What you hand back must match the records word for word, with no pictures.
————
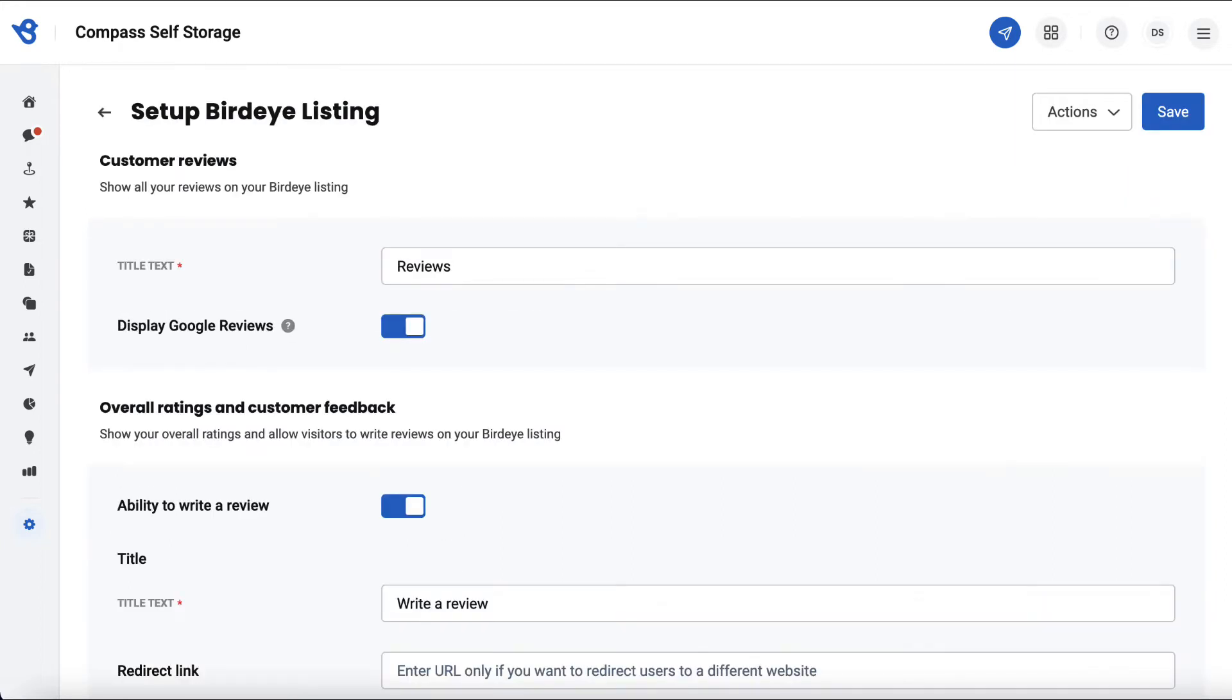Now we are on the Setup page. BirdEye Listing not only allows you to display location information, business hours, and online reviews, but you also get some customization options. Let's explore these options.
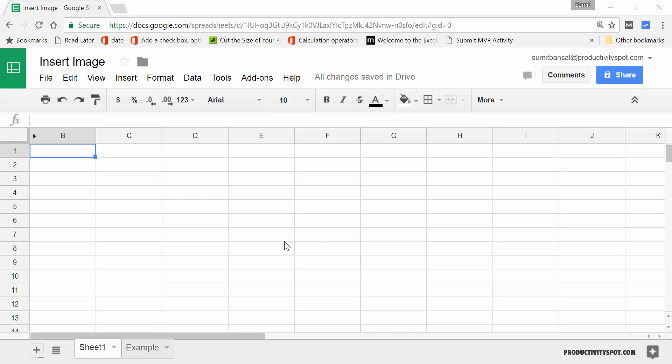Hello and welcome to the video by Productivity Spot. I'm Sumit Bansal and in this video I will show you how to insert an image within a cell in Google Sheets.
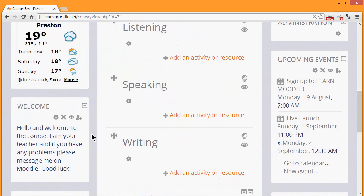And there we have it. So the HTML block is one that's well worth exploring to add some personalized features to your Moodle course.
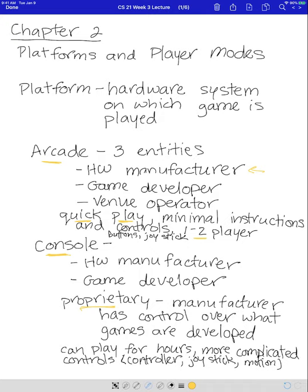Console games can be played for hours and hours. They can be much more complicated and often have tutorials that teach you how to use the controls. The controls are also much more complicated — you have a lot more screen real estate and more things you can do in the game. Controllers are generally standardized in appearance, so if you play a game on one console and then another, you'll know how to pick up those controls and use them.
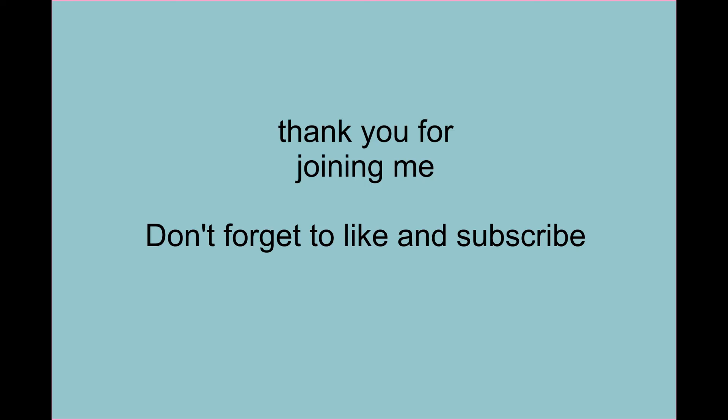I hope you enjoyed that. And please feel free to contact me or ask me any questions. And thank you for joining me today.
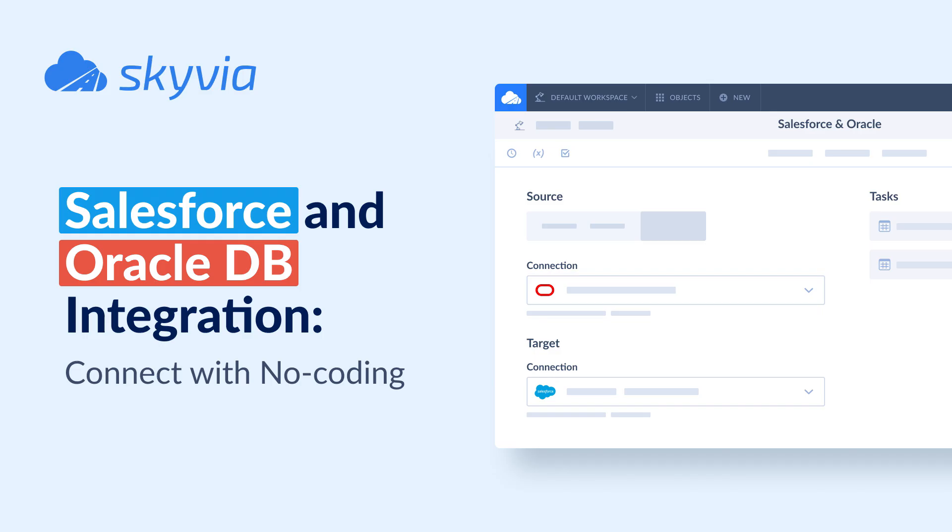Hello and welcome to Skyvia Tutorials. In today's video, we will check how to sync data between Oracle and Salesforce with no coding.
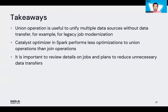Here are the takeaways. First, union operation is useful to unify multiple data sources without data transfer, so we can use union operation for legacy process modernization. Second, the Catalyst optimizer in Spark performs less optimization for union operations than for join operations. Last, it is important to review job details and the query plan, then modify the program to reduce unexpected data transfer. Thank you for your attention.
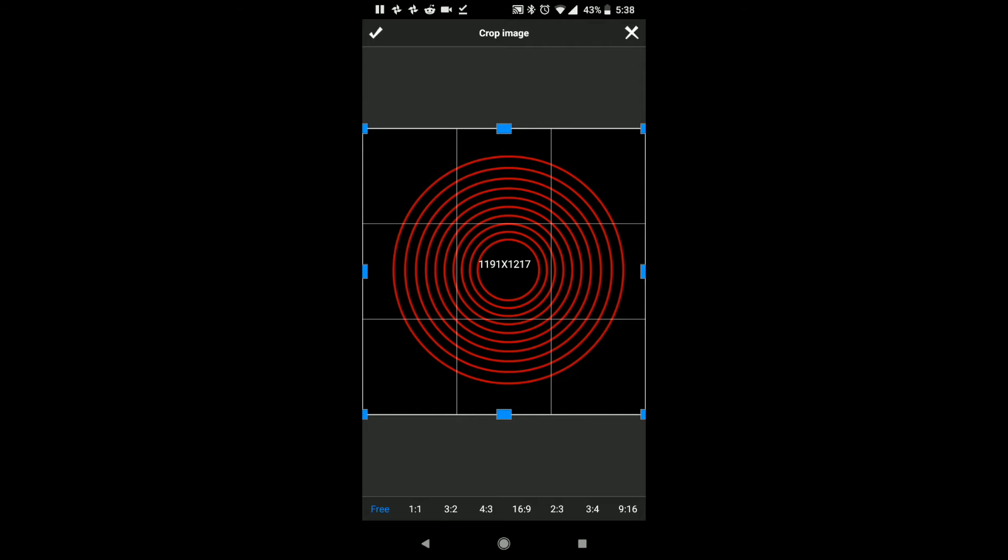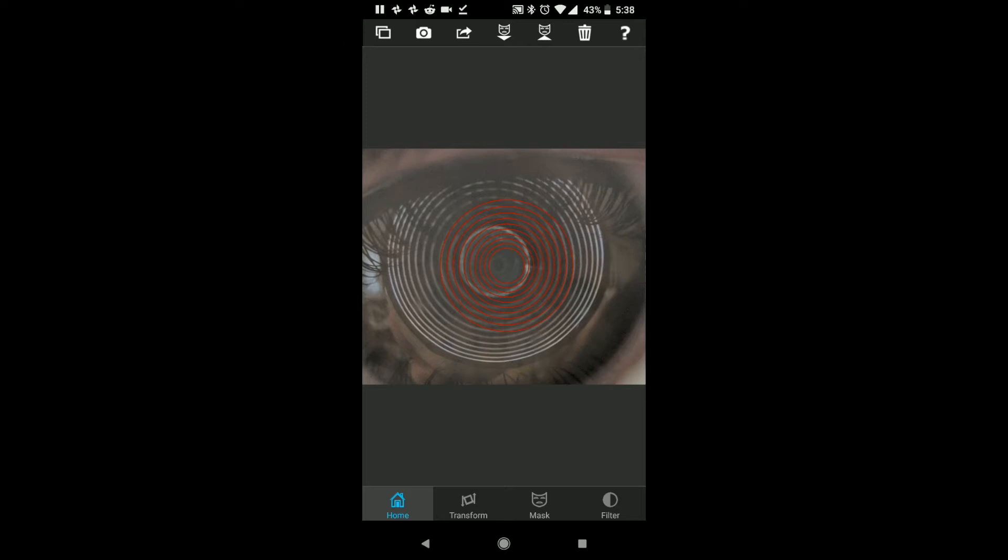And we don't have to crop that. I'm going to say yes, and this is rings.png. Now, here's the trick. I'm going to click on transform at the bottom, okay?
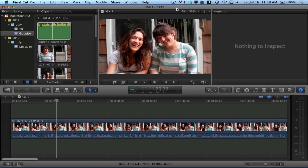Hey guys, how are you? This is Caitlin and today I'm going to be showing you how to manually sync the audio of your files in Final Cut Pro 10.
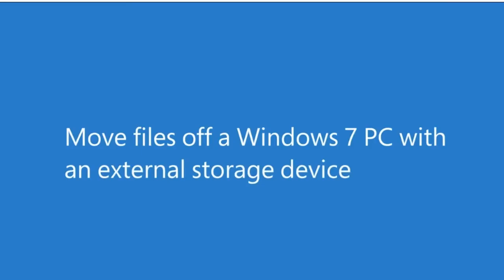Need to move your favorite files from a Windows 7 PC to a Windows 10 PC? You can use an external storage device to help you make the move.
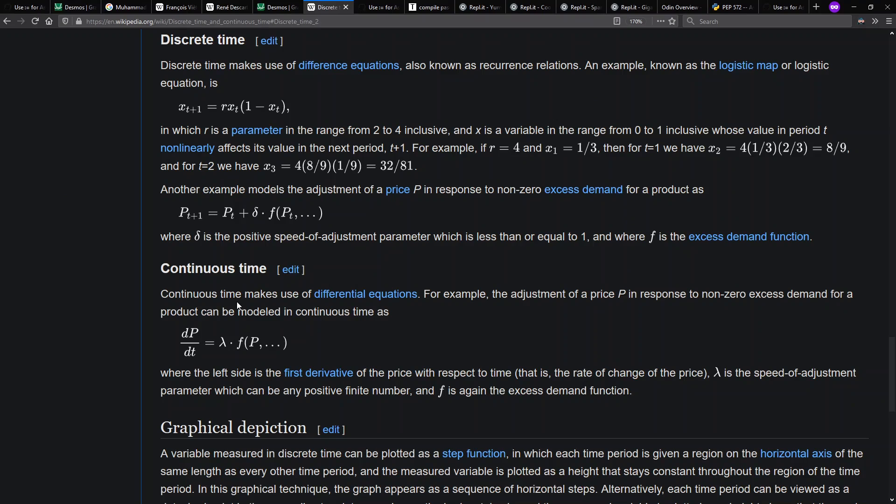If we want to change the value of a variable in normal math, we actually define new variables. For instance, in a recurrence relation, we can say x at the next time step, which is a different variable from x at the previous time step, and define the one for the new time step in terms of the old value. Two different values, two different variables.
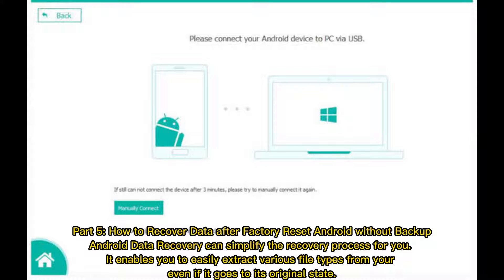Part 5: How to recover data after factory reset Android without backup. Android data recovery software can simplify the recovery process for you. It enables you to easily extract various file types from your device, even if it has been restored to its original state.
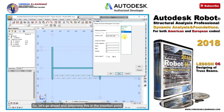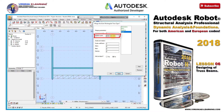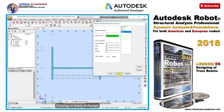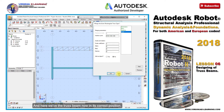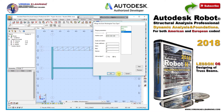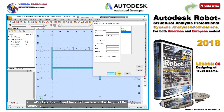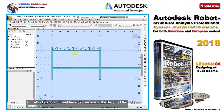Let's go ahead and determine the insertion point. Clicking on apply to accept. And here we have the truss beam now in its correct position. So let's close this tool and have a closer look at the design of this component.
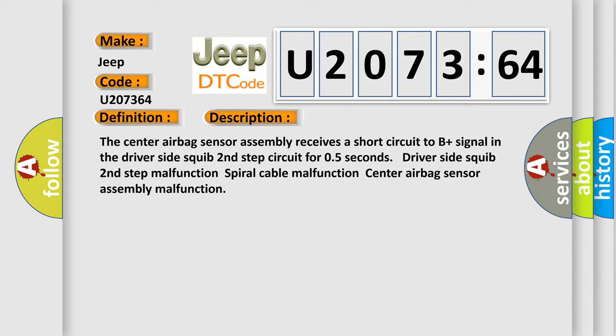Driver side squib second step malfunction. Spiral cable malfunction. Center airbag sensor assembly malfunction.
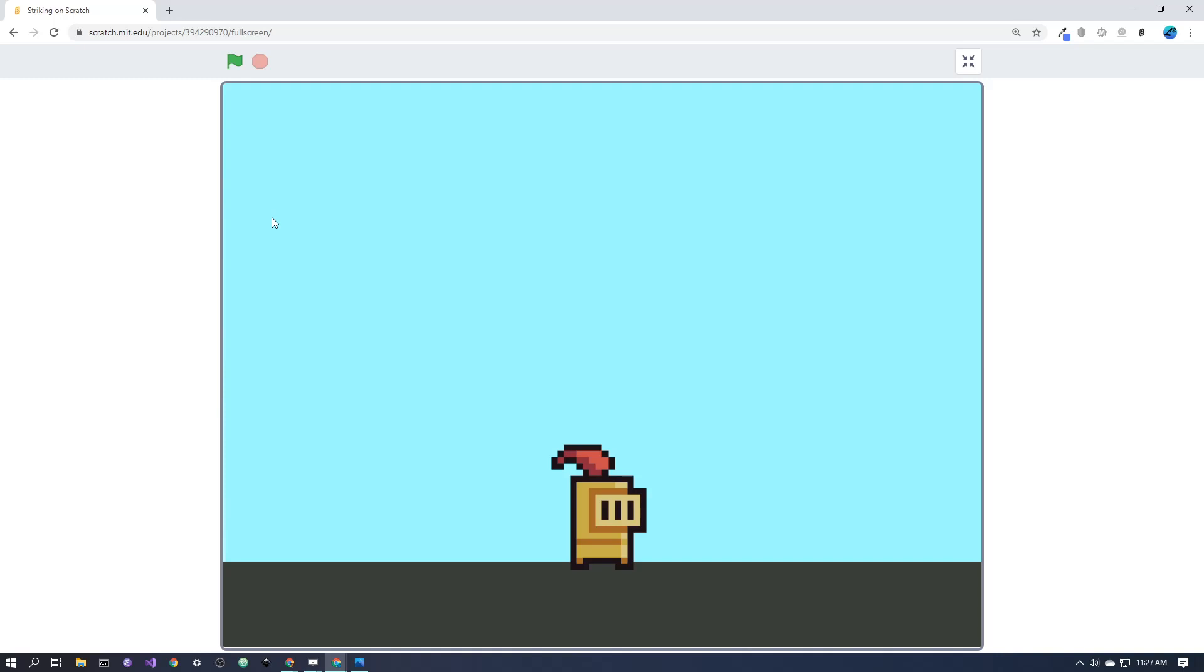Welcome! I'm going to show you how to do a simple sword attack mechanic in Scratch.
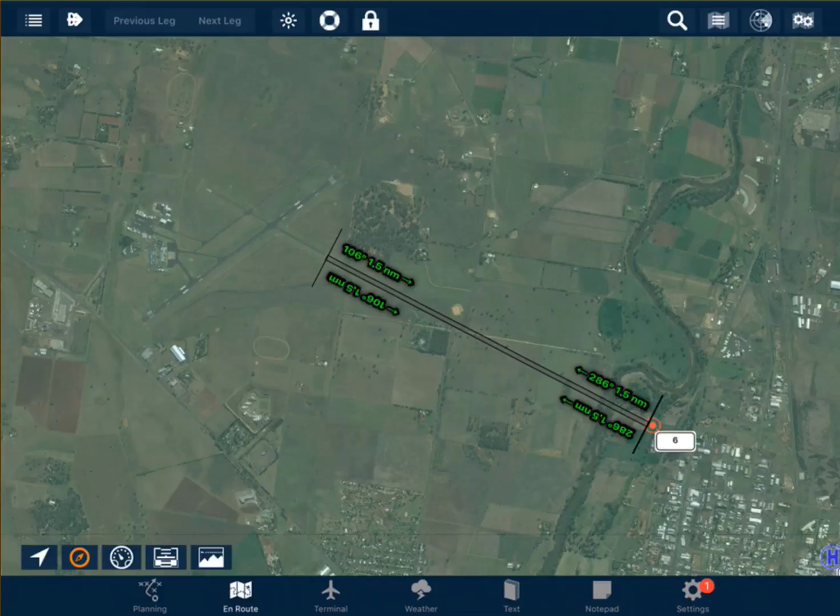If your user waypoint is outside this area, you can operate as per the procedure within your operational documentation. For more information, check it out. Thank you.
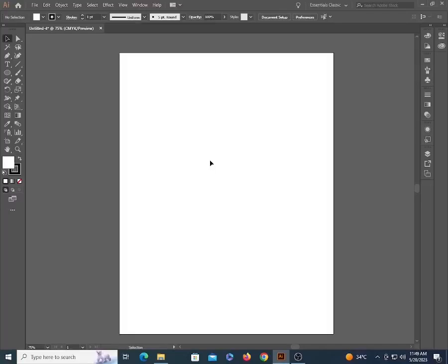Hello everyone. Welcome to my tutorial. This is part 2 of Paintbrush. In the previous video we learned how to use the Paintbrush tool. In this tutorial we will learn how to create our own brushes. So let's start.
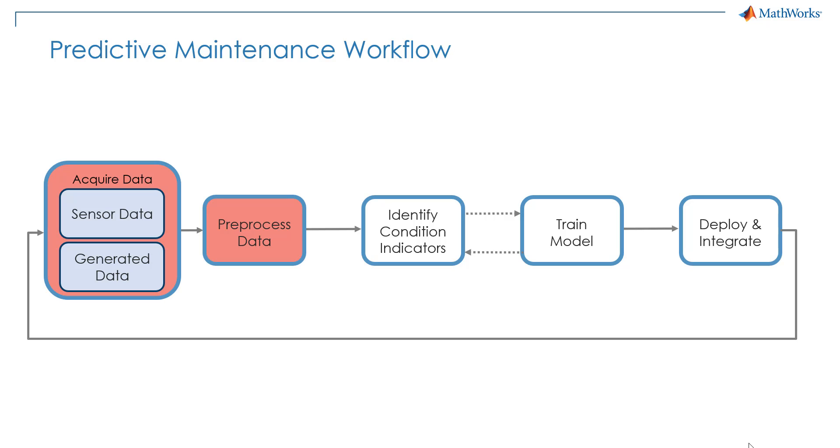Hi and welcome back. We're going to start our predictive maintenance journey by taking a look at the first two steps of the workflow.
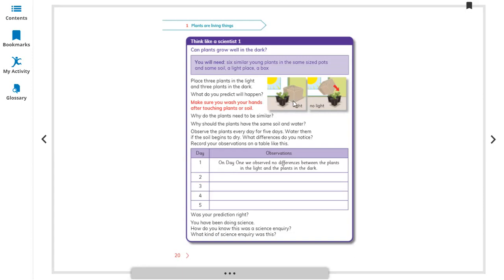All the plants should be young and similar so that the only variable being tested is light. Observe the plants every day for five days, watering them if the soil begins to dry. Note what differences you observe.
————
▶ [Solution to this problem]
Now we are on the Setup page. BirdEye Listing not only allows you to display location information, business hours, and online reviews, but you also get some customization options. Let's explore these options.
Hello and welcome to the video by Productivity Spot. I'm Sumit Bansal and in this video I will show you how to insert an image within a cell in Google Sheets.
And there we have it. So the HTML block is one that's well worth exploring to add some personalized features to your Moodle course.
Console games can be played for hours and hours. They can be much more complicated and often have tutorials that teach you how to use the controls. The controls are also much more complicated — you have a lot more screen real estate and more things you can do in the game. Controllers are generally standardized in appearance, so if you play a game on one console and then another, you'll know how to pick up those controls and use them.
I hope you enjoyed that. And please feel free to contact me or ask me any questions. And thank you for joining me today.
Hello and welcome to Skyvia Tutorials. In today's video, we will check how to sync data between Oracle and Salesforce with no coding.
Here are the takeaways. First, union operation is useful to unify multiple data sources without data transfer, so we can use union operation for legacy process modernization. Second, the Catalyst optimizer in Spark performs less optimization for union operations than for join operations. Last, it is important to review job details and the query plan, then modify the program to reduce unexpected data transfer. Thank you for your attention.
And we don't have to crop that. I'm going to say yes, and this is rings.png. Now, here's the trick. I'm going to click on transform at the bottom, okay?
Hey guys, how are you? This is Caitlin and today I'm going to be showing you how to manually sync the audio of your files in Final Cut Pro 10.
Need to move your favorite files from a Windows 7 PC to a Windows 10 PC? You can use an external storage device to help you make the move.
If we want to change the value of a variable in normal math, we actually define new variables. For instance, in a recurrence relation, we can say x at the next time step, which is a different variable from x at the previous time step, and define the one for the new time step in terms of the old value. Two different values, two different variables.
Part 5: How to recover data after factory reset Android without backup. Android data recovery software can simplify the recovery process for you. It enables you to easily extract various file types from your device, even if it has been restored to its original state.
Let's go ahead and determine the insertion point. Clicking on apply to accept. And here we have the truss beam now in its correct position. So let's close this tool and have a closer look at the design of this component.
Driver side squib second step malfunction. Spiral cable malfunction. Center airbag sensor assembly malfunction.
Welcome! I'm going to show you how to do a simple sword attack mechanic in Scratch.
If your user waypoint is outside this area, you can operate as per the procedure within your operational documentation. For more information, check it out. Thank you.
Hello everyone. Welcome to my tutorial. This is part 2 of Paintbrush. In the previous video we learned how to use the Paintbrush tool. In this tutorial we will learn how to create our own brushes. So let's start.
Hi and welcome back. We're going to start our predictive maintenance journey by taking a look at the first two steps of the workflow.
All the plants should be young and similar so that the only variable being tested is light. Observe the plants every day for five days, watering them if the soil begins to dry. Note what differences you observe.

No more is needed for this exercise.